• **EXERCISE REQUIREMENTS**
Only the lines from the one containing "view of patio" to the end of the data should be copied, exactly and without pictures.

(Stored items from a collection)
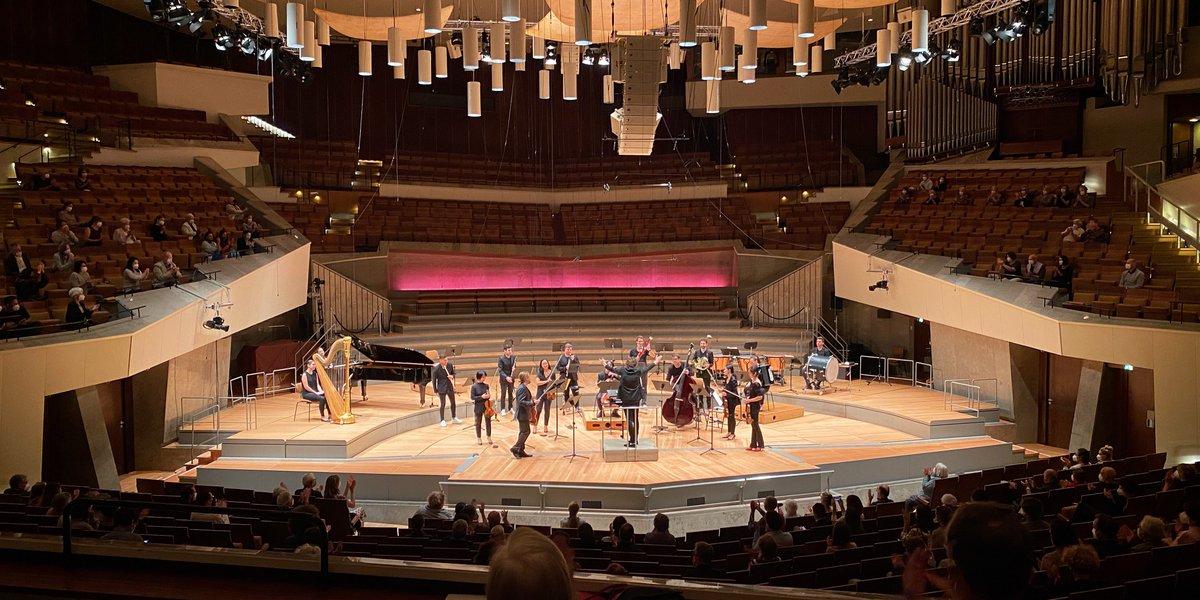 Melissa Chan tweet media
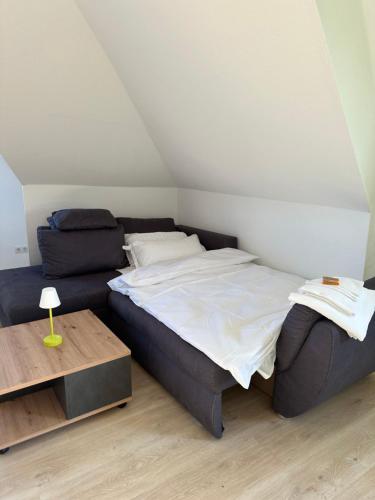 Ένα ή περισσότερα κρεβάτια σε δωμάτιο στο A&O Suites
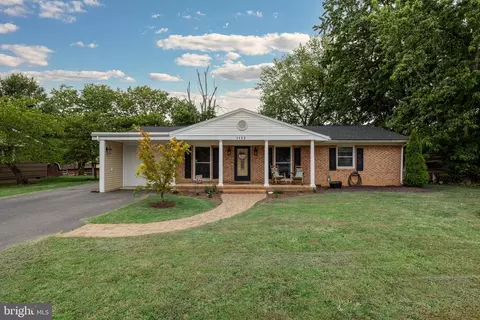 1182 Dale Cir, Harrisonburg, VA 22801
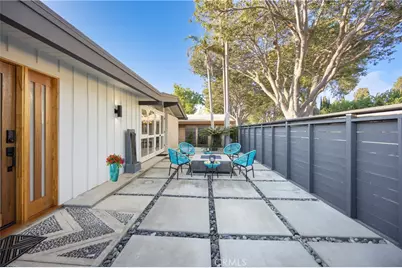 3253 Lees Avenue, Long Beach, CA 90808 - Photo 13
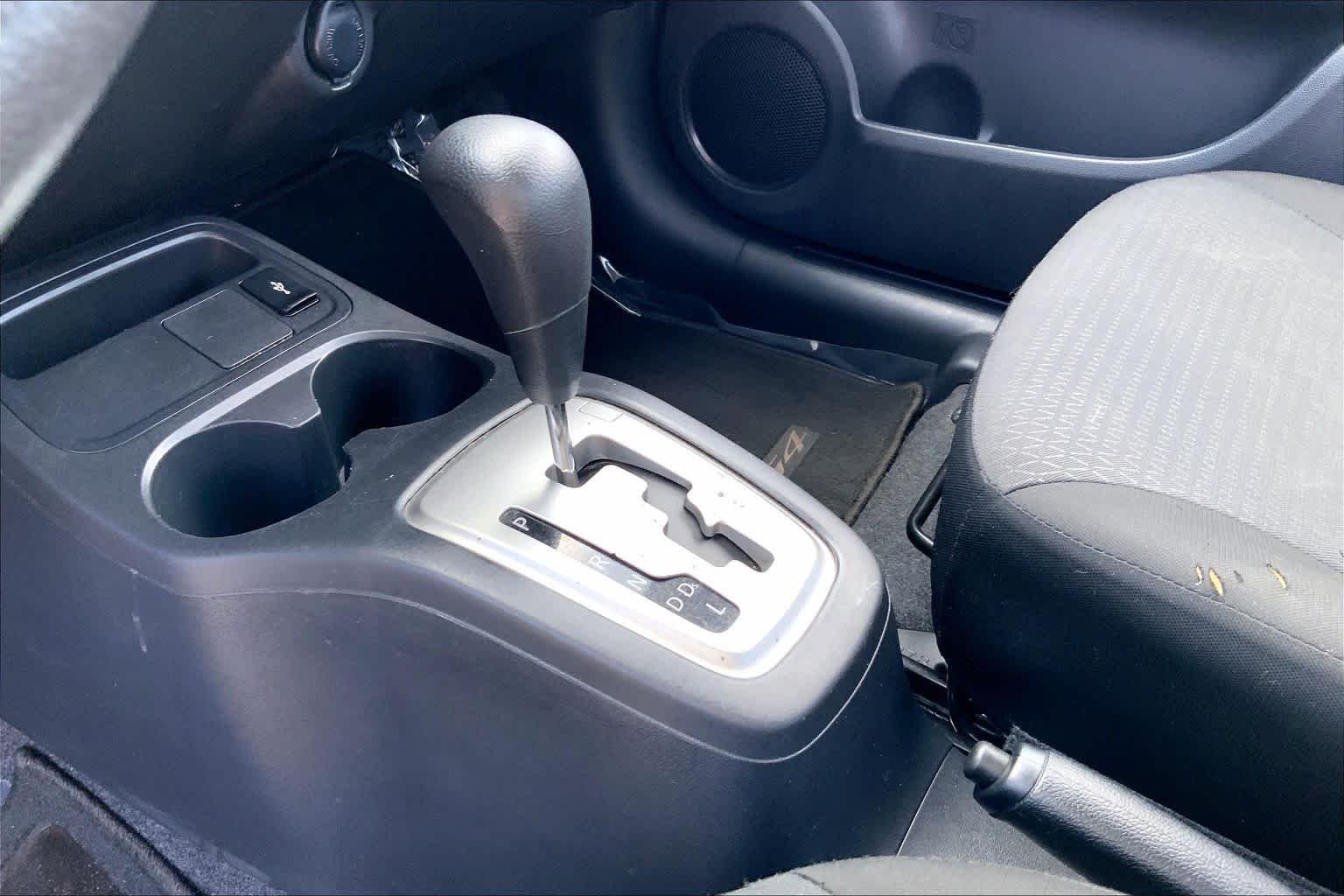 Used 2024 Graphite Gray Metallic Mitsubishi ES image 16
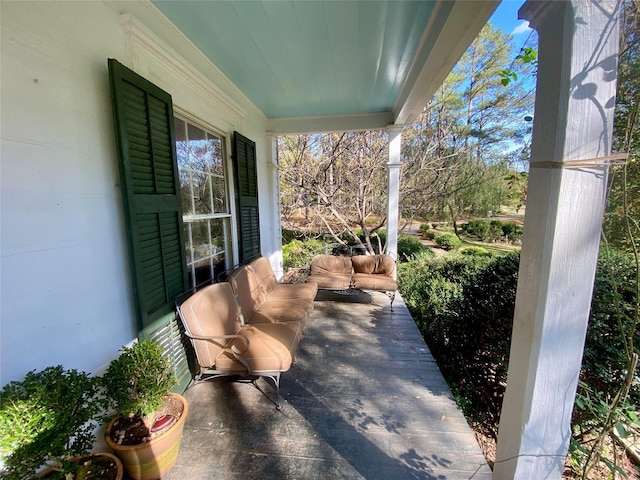 view of patio / terrace featuring covered porch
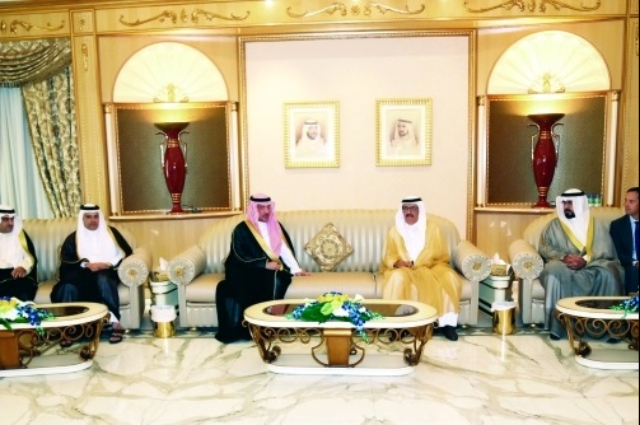 محمد بن راشد يزور كلية دبي للإدارة الحكومية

• **OUTPUT FOR THIS EXERCISE**
 view of patio / terrace featuring covered porch
 محمد بن راشد يزور كلية دبي للإدارة الحكومية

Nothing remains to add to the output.